Hayatın Zevklerinden Emekli Olmamak Balık Yemek Gerekiyor…
Bilindiği üzere, insan vücudunda üretilmeyen çoklu doymamış yağ asitleri, EPA (eikosapentoenoik asit) ve DHA (dokosaheksaenoik asit)’nın en önemli kaynağı şüphesiz ki “balık”… Deniz ürünlerinden özellikle balık çeşitlerinde bulunan EPA ve DHA, beyin fonksiyonlarının ve sinir sisteminin çalışmasında büyük etki sağladığı gibi bilişsel gelişim ve kan akışının hızlanmasında yani cinsellik üzerinde de oldukça olumlu etkilere sahip… Kalp ve damar hastalıkları, damar sertliği, şeker hastalığı, kolesterol ve tansiyon gibi cinselliği olumsuz yönde etkileyen pek çok hastalıktan korunmada “balık”, önemli bir yer tutuyor. Ayrıca, yapısında bulunan fosfor, erkeğin cinsel gücünü artırırken, travestiler de cinsel arzu seviyesini yükseltiyor. Özellikle deniz ürünlerinde bulunan D vitamini, kadınlarda yumurtaların döllenme hızını artırdığı gibi hem travesti hem de erkekte üreme gücünü artırıyor. Özellikle erkeklerde cinsel isteği artıran B6 vitamini ise iktidarsızlığa birebir… Bunun aksine, B12 vitamini eksikliği ise cinsel performansı düşürüyor.
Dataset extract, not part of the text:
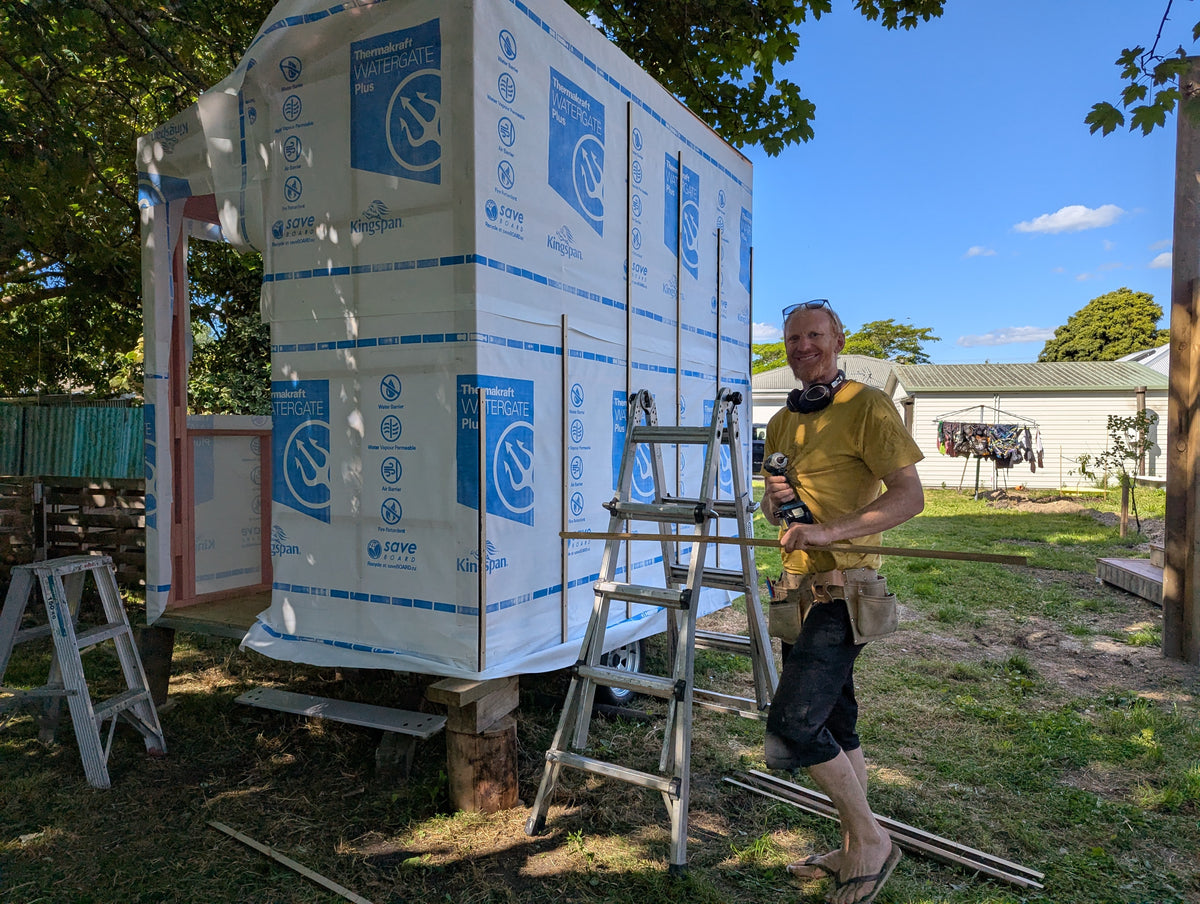 A man wearing a yellow t-shirt and shorts stands next to a custom-built outdoor shower enclosure wrapped in white insulation boards with blue logos. The enclosure is set in a backyard with grass, trees, and ladders.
Bu nedenle, haftada iki kez tüketilen balık ve deniz ürünlerinin cinselliği olumlu yönde etkilediği yıllardır biliniyor. Balıkta oldukça fazla bulunan omega 6 ve niasin ise hem travesti hem de erkeklerde cinsel durgunluğun azalmasına ve olması gereken ideal hareketliliğin geri kazanılmasına neden oluyor. Sonuç olarak, hayatın zevklerinden emekli olmamak, sağlıklı ve sürekli bir cinsellik için mutlaka balık ve deniz ürünlerinin düzenli tüketilmesi gerekiyor.
Bir yanıt bırakın
Yorum yapabilmek için oturum açmalısınız.